On the state of British music

“I’m not a fan of modern music at all, I don’t hear anything interesting. [King asks him if he’s a fan of Sam Smith] I think it’s time to rapidly move on.”

On his pre-show preparation

“Nothing, ever. Nothing. No yodelling, no alcohol, no gargling, no juggling. I just go on.”

On Hillary Clinton

“[On whether America is ready for Clinton] I think so. You’ve known her for a long time so everybody in this country should know by now. When you look at what the Republicans that have lined up, it’s ludicrous. They all look exactly the same. [Even Trump] in the dark, he would look like everybody else. It’s the same old suit and tie. You never see somebody who is absolutely, ‘What is that, who is this person?’. They all look so uniform.”

On Obama

“I think he’s disappointed lots of people.

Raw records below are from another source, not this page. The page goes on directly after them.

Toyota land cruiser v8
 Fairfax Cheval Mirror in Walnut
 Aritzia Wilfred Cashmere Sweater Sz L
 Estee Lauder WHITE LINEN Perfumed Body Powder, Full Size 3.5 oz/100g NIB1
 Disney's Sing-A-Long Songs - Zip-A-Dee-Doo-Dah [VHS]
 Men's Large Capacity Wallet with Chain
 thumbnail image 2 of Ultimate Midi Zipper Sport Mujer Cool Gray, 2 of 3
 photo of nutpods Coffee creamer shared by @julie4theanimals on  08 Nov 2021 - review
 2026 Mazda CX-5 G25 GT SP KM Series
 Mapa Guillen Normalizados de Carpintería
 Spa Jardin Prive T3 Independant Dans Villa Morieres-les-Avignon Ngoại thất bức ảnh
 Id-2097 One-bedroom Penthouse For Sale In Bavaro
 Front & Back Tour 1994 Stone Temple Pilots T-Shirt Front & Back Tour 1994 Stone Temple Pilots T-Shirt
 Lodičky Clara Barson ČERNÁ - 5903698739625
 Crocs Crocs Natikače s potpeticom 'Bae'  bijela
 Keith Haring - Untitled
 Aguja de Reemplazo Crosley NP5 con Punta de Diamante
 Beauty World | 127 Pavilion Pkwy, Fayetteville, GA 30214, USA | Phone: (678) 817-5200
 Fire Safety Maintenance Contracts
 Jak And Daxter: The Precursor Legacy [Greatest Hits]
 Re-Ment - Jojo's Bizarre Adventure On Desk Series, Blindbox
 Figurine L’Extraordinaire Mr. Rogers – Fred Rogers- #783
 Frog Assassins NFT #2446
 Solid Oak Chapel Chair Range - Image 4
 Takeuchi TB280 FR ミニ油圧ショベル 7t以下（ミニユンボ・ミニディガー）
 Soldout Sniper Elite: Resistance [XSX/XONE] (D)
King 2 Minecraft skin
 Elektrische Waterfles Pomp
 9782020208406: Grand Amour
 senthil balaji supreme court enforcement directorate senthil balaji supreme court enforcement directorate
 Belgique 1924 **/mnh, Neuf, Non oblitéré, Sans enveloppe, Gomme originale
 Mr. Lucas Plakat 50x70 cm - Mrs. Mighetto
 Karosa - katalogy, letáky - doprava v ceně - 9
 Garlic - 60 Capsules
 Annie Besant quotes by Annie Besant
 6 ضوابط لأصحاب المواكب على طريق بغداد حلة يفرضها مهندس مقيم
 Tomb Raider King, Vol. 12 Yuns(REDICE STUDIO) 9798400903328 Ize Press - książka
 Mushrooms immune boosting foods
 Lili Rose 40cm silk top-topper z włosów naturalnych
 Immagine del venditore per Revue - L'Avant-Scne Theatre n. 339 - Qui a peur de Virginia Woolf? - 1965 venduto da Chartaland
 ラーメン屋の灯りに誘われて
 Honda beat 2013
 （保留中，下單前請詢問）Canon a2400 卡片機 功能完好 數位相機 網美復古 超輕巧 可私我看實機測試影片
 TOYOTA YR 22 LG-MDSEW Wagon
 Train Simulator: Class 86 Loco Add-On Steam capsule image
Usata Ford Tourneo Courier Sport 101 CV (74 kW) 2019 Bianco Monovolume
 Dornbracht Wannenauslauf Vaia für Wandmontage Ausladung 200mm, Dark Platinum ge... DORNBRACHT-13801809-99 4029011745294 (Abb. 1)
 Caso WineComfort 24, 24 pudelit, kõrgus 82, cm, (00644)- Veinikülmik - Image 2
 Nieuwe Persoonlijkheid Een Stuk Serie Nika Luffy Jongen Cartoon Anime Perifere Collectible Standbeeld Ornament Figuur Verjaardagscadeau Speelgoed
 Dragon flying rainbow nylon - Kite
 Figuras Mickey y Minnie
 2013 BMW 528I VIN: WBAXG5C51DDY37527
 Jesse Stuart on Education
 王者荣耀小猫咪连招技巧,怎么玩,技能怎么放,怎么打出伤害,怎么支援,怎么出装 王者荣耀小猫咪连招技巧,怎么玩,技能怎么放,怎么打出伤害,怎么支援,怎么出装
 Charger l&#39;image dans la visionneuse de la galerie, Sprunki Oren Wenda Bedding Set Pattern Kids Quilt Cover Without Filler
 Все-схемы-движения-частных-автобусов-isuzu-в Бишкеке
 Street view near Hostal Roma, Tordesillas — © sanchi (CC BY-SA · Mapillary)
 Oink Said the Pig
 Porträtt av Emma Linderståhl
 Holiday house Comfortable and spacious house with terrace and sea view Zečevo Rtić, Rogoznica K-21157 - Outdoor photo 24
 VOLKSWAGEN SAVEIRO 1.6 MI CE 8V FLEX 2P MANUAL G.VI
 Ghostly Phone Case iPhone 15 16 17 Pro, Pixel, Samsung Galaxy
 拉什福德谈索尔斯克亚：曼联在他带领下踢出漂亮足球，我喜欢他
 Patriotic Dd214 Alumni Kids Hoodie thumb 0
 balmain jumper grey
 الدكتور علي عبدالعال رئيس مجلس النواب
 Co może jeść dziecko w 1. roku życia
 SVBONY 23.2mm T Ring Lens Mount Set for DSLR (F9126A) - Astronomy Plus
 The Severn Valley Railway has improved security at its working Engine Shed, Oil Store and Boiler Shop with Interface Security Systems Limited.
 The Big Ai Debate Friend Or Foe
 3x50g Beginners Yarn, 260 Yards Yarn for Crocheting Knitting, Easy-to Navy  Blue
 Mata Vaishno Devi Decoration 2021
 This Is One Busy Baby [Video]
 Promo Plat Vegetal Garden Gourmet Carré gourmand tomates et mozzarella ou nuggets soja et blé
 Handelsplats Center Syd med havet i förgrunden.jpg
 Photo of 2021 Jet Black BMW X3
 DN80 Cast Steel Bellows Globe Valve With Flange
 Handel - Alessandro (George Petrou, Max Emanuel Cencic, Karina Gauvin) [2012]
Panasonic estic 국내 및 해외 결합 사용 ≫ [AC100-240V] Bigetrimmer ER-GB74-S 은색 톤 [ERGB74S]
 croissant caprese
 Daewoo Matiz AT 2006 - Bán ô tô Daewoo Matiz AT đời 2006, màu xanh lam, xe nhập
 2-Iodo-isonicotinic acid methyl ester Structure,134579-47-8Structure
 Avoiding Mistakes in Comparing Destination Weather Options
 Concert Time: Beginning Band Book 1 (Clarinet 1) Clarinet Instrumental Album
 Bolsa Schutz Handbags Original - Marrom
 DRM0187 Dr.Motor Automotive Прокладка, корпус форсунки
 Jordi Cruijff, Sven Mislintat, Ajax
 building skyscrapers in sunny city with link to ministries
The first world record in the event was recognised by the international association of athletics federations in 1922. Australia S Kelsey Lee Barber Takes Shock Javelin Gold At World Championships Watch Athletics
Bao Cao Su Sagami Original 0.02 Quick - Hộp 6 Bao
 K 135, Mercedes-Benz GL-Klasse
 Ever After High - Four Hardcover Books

I don’t think with cases like Ferguson and so on that [Obama has] really helped his own people by being more interested and forgetting about the police machinery, constantly saying, ‘The police are always right’, ‘We must listen to the police’. Everybody knows that’s not true. Obama, is he white inside? It’s a very logical question. I think he probably is.”

On his alleged sexual assault

“Would you like the absolute details? They are horrific. He put his finger down my rear cleavage… you said you wanted the details. Why would he want to [do that]? Why does he need to? I had been through the full scanner and I had been through the second bit and everything was fine and clear but then he went straight for my private bits and then he put his finger down my rear cleavage. The people I was with from special services said this is assault and he said: ‘Well that’s just your opinion.’ He said it four times. They said, ‘We’ve seen it and this is outrageous’. But they’re above the law. Yes, I filled in a complaints thing, but it will not happen.”

On his cancer scare

“Cancer was found, yes. I had Barrett’s, which is the oesophagus. They scrape it occasionally and I have medication. But I’m OK. Lots of people have it and they fade away. Lots of people have it and they don’t fade away. You don’t really hear that word, that c-word when people say it. It seems to drift over you – you just say: ‘Yes, oh yes.’ Later when you’re on the stairs by yourself, it triggers in your mind. At the time, you don’t hear it. [I’m in]
blooming [health today]. Absolutely blooming.”

On depression

“For me, [depression] didn’t ever get better. I’ve had it for many, many years, I refer to it as the ‘black dog’, and it doesn’t go away. It’s usually the very first thing when you wake up in the morning, or the day, whenever you wake up [that you think of it]. There is no cure. It’s a part of being a sensitive, open human. I’m not [depressed] now because I’m here with you and I feel safe. I don’t [take medication] but I’ve been through everything and it’s completely pointless. It’s a frame of mind, a state of mind and it’s circumstantial mostly.”

On suicide

“It crosses everybody’s mind, everybody thinks about it. Even people who mistakenly assume they are happy. They think of disappearing and having enough, and many people do, taking control and saying ‘no more, no more of this silliness’. It’s admirable.”